OLD Media News

Simon Property Group buys fellow mall operator Taubman Realty

Mall operator Simon Property Group has agreed to buy peer Taubman Realty for $3.6 billion.

Michelle Chapman and Anne D’Innocenzio had the news for the AP:

As mall-based retailers struggle to compete with the onslaught from online shopping, the companies that own and manage the malls are finding their own business models severely challenged.

For the second time in as many weeks, there is a major agreement involving mall operators.

The Simon Property Group will buy mall operator Taubman Realty in a deal valued at around $3.6 billion.

Simon Property Group Inc. is the nation’s largest mall operator.
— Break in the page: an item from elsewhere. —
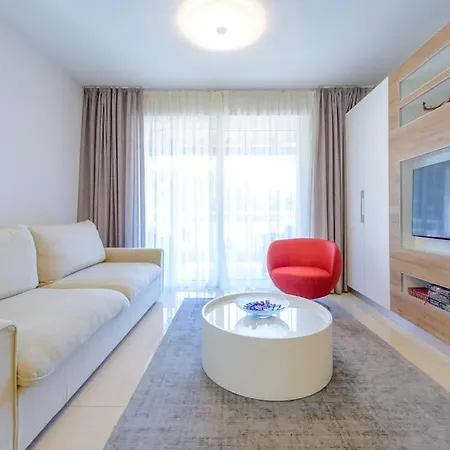 Apartment Private Oasis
It said Monday that its operating partnership, Simon Property Group, LP, will buy all of Taubman stock for $52.50 per share. The Taubman family will sell about one-third of its ownership stake at the transaction price and remain a 20% partner in Taubman Realty Group LP.

T aubman Realty owns, manages or leases 26 shopping centers in the U.S. and Asia, including The Mall at Short Hills in New Jersey, and Waterside Shops in Naples, Florida. Simon owns or has a stake in 204 properties in the U.S., including premium outlets as of last year.

“By joining together, we will enhance the ability of (Taubman) to invest in innovative retail environments that create exciting shopping and entertainment experiences for consumers, immersive opportunities for retailers and substantial new job prospects for local communities,” said David Simon, Simon’s chairman, CEO and president in a statement.

Malls have struggled with retail bankruptcies and store closings after a vast shift in the way Americans shop.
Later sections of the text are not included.